_Recorded information_.
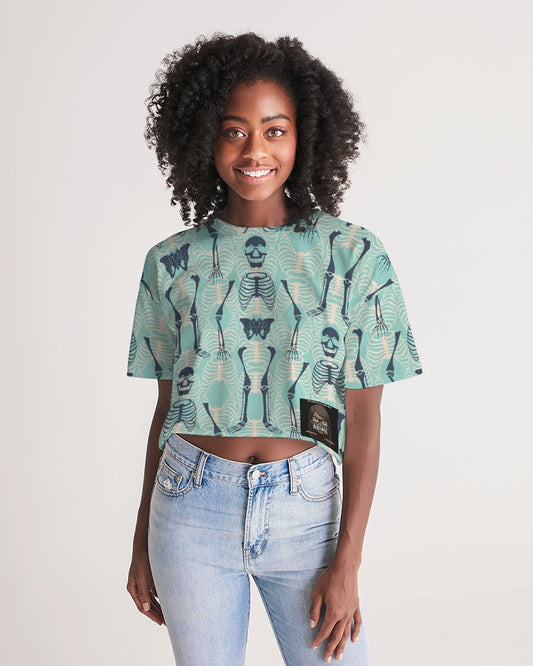 ANGRY SKELeton Women's Lounge Cropped Tee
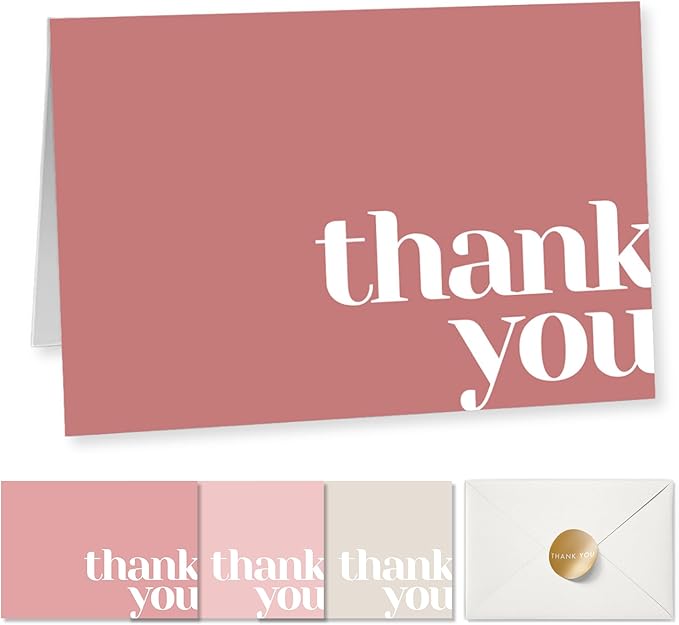 Paper Play Thank You Cards Bulk Pack of 40 Pink, 5x3.5 Inches with Matching Stickers & Envelopes, Minimalistic Design Suitable for Business, Baby Shower, Wedding, Small Business, Graduation, Funeral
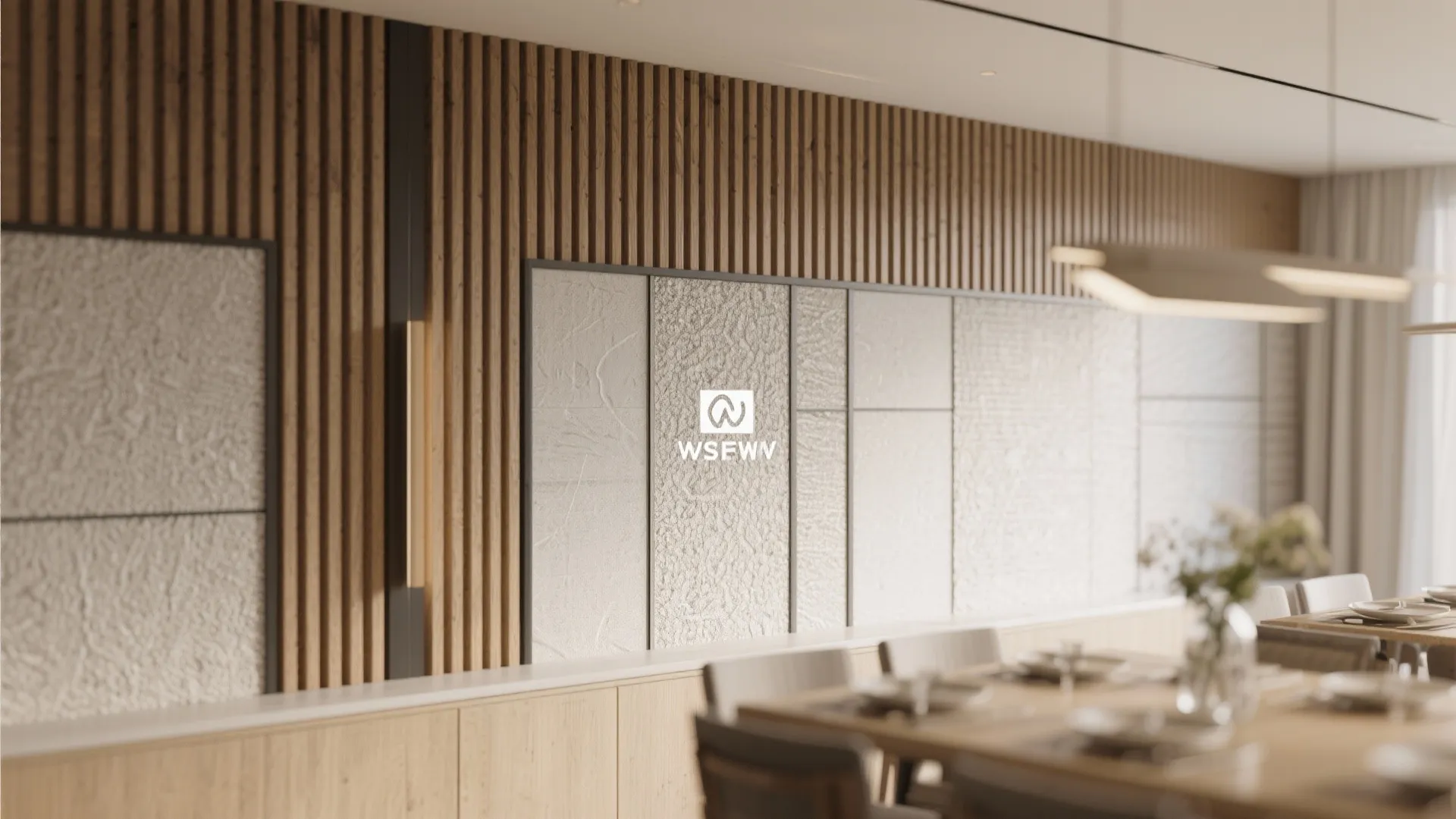 Modern dining area featuring vertical wood wall panels and textured stone decor with warm lighting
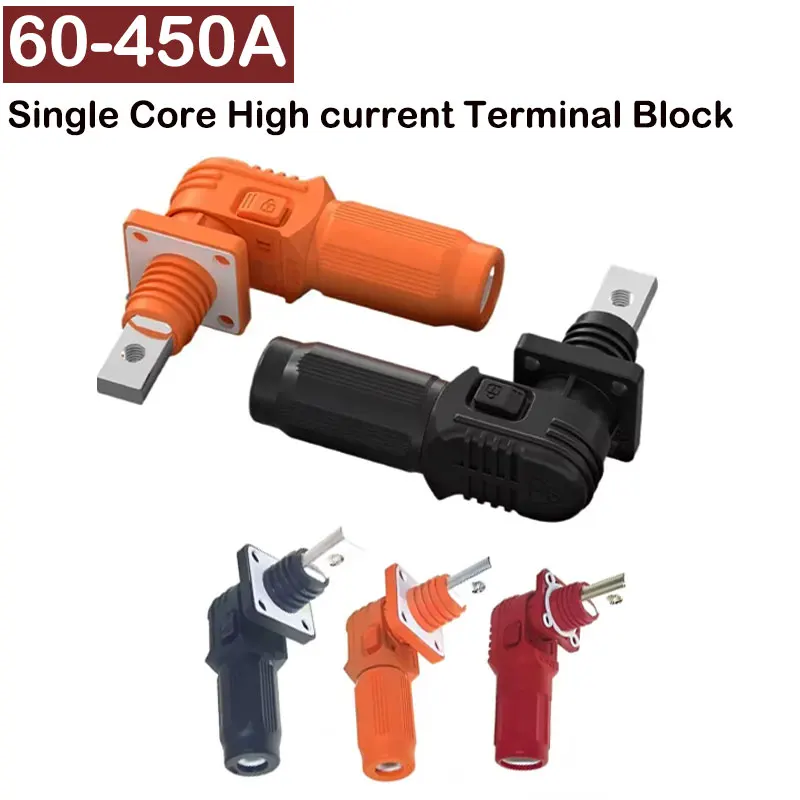 350A Single Core Energy Storage Connector 60-450A Copper Busbar Thread High Curren Terminal Block Wall Mounted Power Output Plug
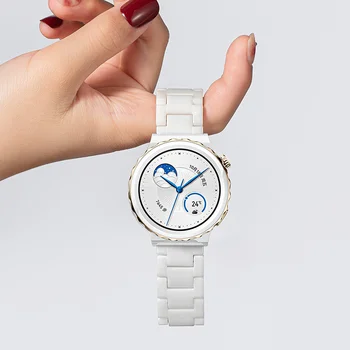 Bele ženske gledajo band za Samsung Galaxy Watch 3 41mm 4 Prestavi Šport Prestavi S2 Classic/Active2 40 44 20 mm keramični watch trak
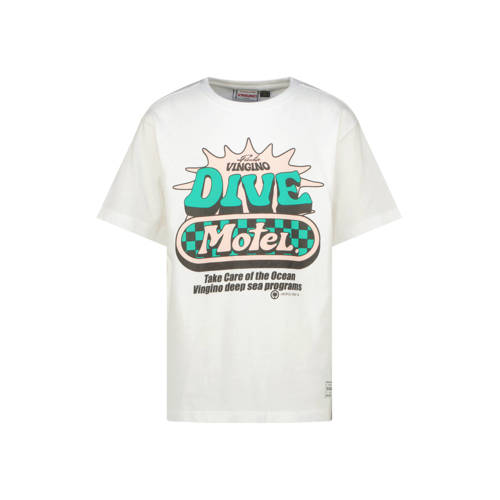 Vingino T-shirt wit Jongens Katoen Ronde hals Printopdruk - maat 176 afbeelding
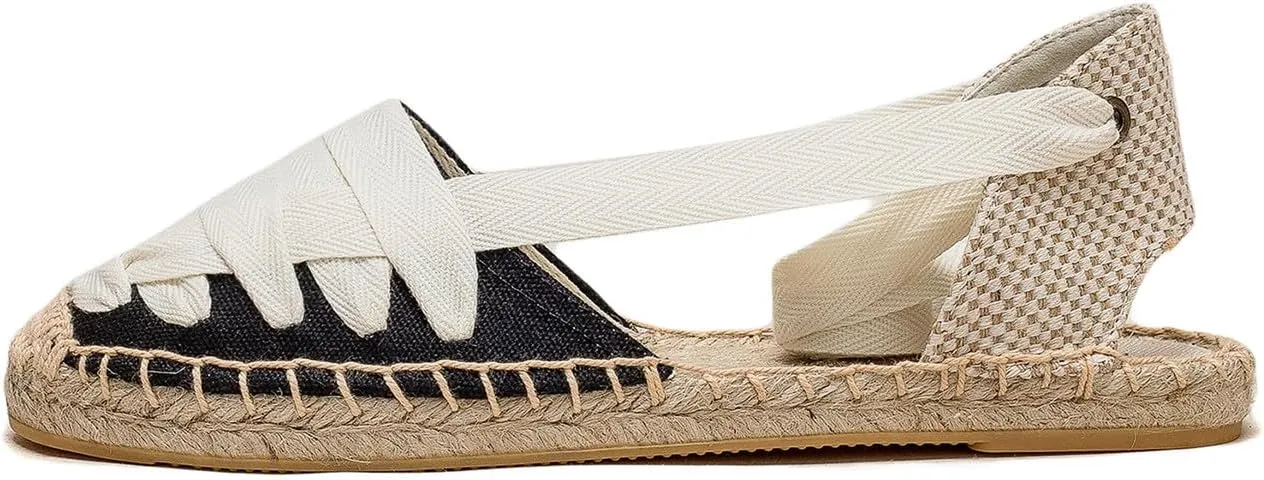 U-lite Women's Espadrille FLat Sandals Closed Toe Ankle Wrap,Classic Lace Up Summer Dressy Flat Shoes
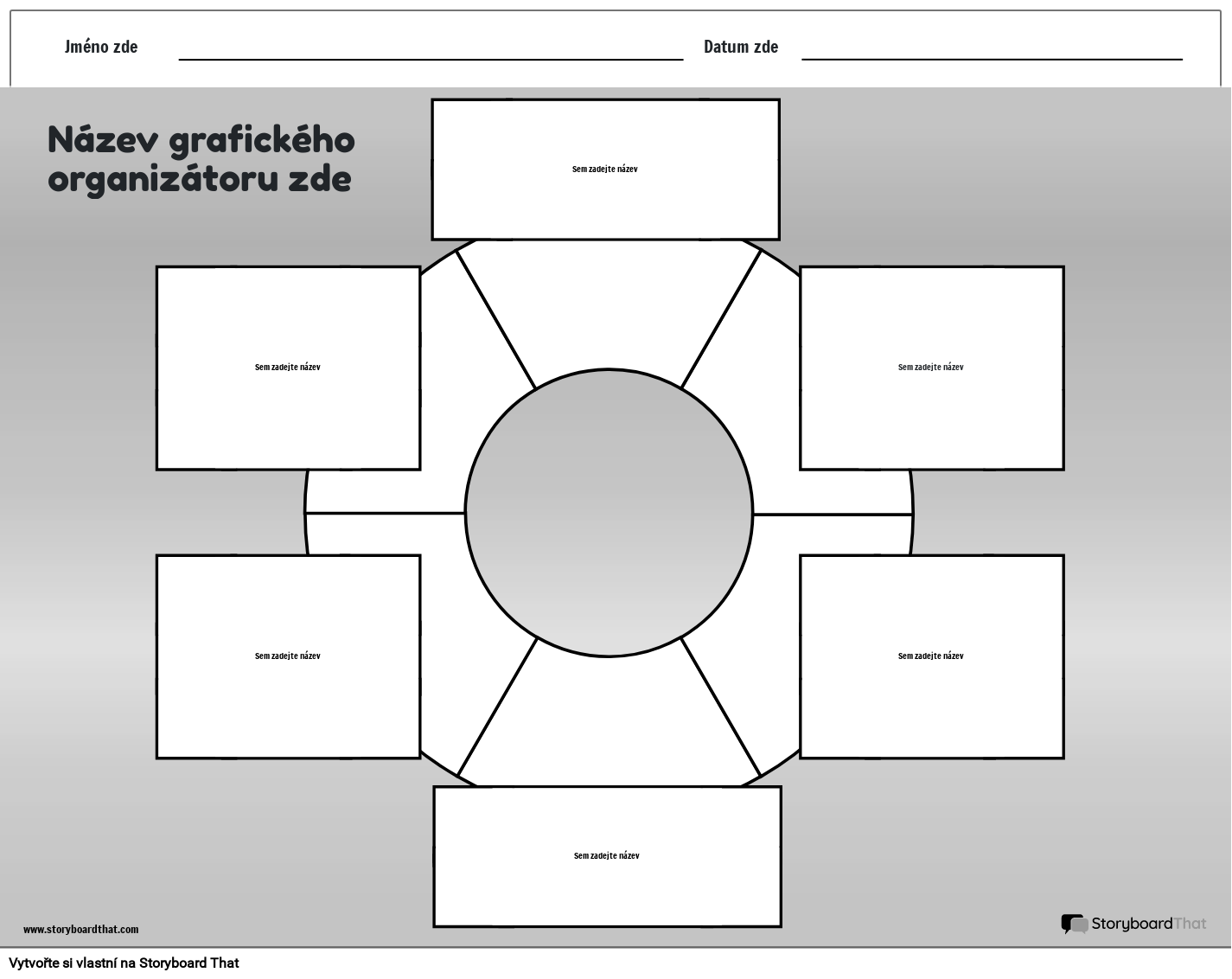 Nová stránka vytvoření Obecný grafický organizátor 1 (černobílý)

_What you will do_.
Above are entries with pictures among them. Write out exactly the lines from the one containing "Modern dining area" through the one containing "Bele ženske gledajo", ends included, and leave those pictures out.

_Exercise output_.
 Modern dining area featuring vertical wood wall panels and textured stone decor with warm lighting
 350A Single Core Energy Storage Connector 60-450A Copper Busbar Thread High Curren Terminal Block Wall Mounted Power Output Plug
 Bele ženske gledajo band za Samsung Galaxy Watch 3 41mm 4 Prestavi Šport Prestavi S2 Classic/Active2 40 44 20 mm keramični watch trak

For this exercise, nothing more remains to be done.